It seems like fifo-log-demux is losing some lines when attached to trafficserver: ATS is spewing lines like:
Sep 07 17:58:16 cp4052 trafficserver[1962]: [Sep 7 17:58:16.062] [LOG_FLUSH] ERROR: The following message was suppressed 987 times. Sep 07 17:58:16 cp4052 trafficserver[1962]: [Sep 7 17:58:16.062] [LOG_FLUSH] ERROR: Failed to write log to /var/log/trafficserver/notpurge.pipe: [tried 869, wrote 0, Resource temporarily unavailable] Sep 07 17:59:17 cp4052 trafficserver[1962]: [Sep 7 17:59:17.033] [LOG_FLUSH] ERROR: The following message was suppressed 1157 times. Sep 07 17:59:17 cp4052 trafficserver[1962]: [Sep 7 17:59:17.033] [LOG_FLUSH] ERROR: Failed to write log to /var/log/trafficserver/notpurge.pipe: [tried 806, wrote 0, Resource temporarily unavailable] Sep 07 18:00:18 cp4052 trafficserver[1962]: [Sep 7 18:00:18.431] [LOG_FLUSH] ERROR: The following message was suppressed 1030 times. Sep 07 18:00:18 cp4052 trafficserver[1962]: [Sep 7 18:00:18.431] [LOG_FLUSH] ERROR: Failed to write log to /var/log/trafficserver/notpurge.pipe: [tried 827, wrote 0, Resource temporarily unavailable]
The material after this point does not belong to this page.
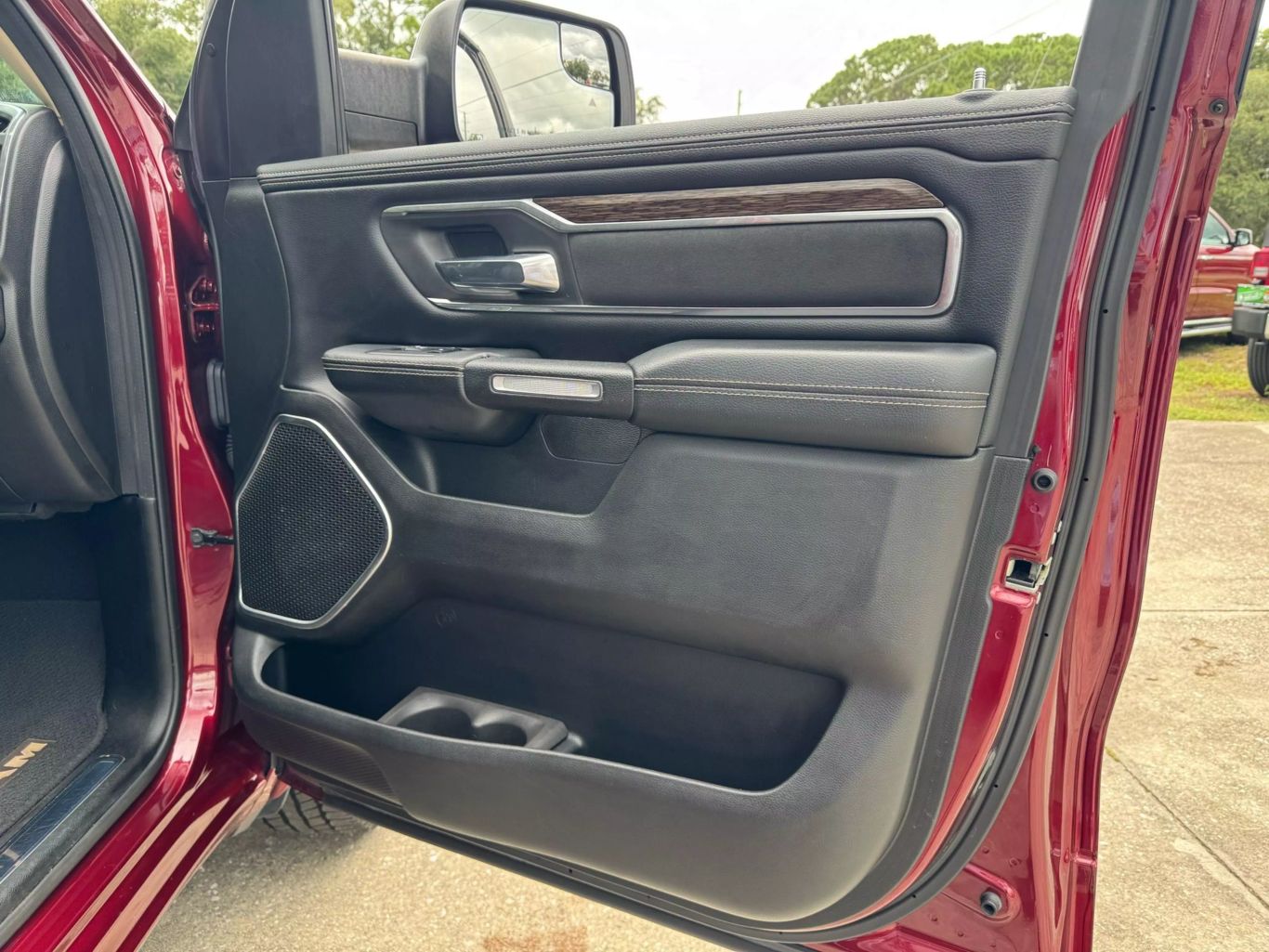 2019 RAM RAM 1500 PICKUP V8 5.7L GASOLINE CREW CAB LARAMIE 5.7L V8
fifo-log-demux failing to consume ATS logs means that mtail is losing some requests, and that's bad for SLO tracking and some stats as well. We should add some alerting / monitoring / metrics into fifo-log-demux.
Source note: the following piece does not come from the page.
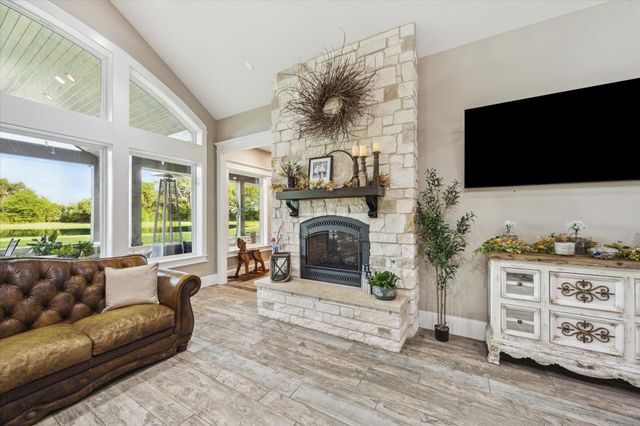 1255 Bronco Trail, Angleton, TX 77515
Considering it's a tiny golang application embedding a prometheus exporter and just export a metric reporting the number of read logs should be enough. (prometheus golang lib: https://github.com/prometheus/client_golang/)
Note: https://gerrit.wikimedia.org/r/c/operations/debs/trafficserver/+/458195 was introduced to reduce the spam but the patch was removed for the 9.2.x upgrade (T339134). So while it's more visible in 9.2.x it's still an issue with our current 9.1.x deployment.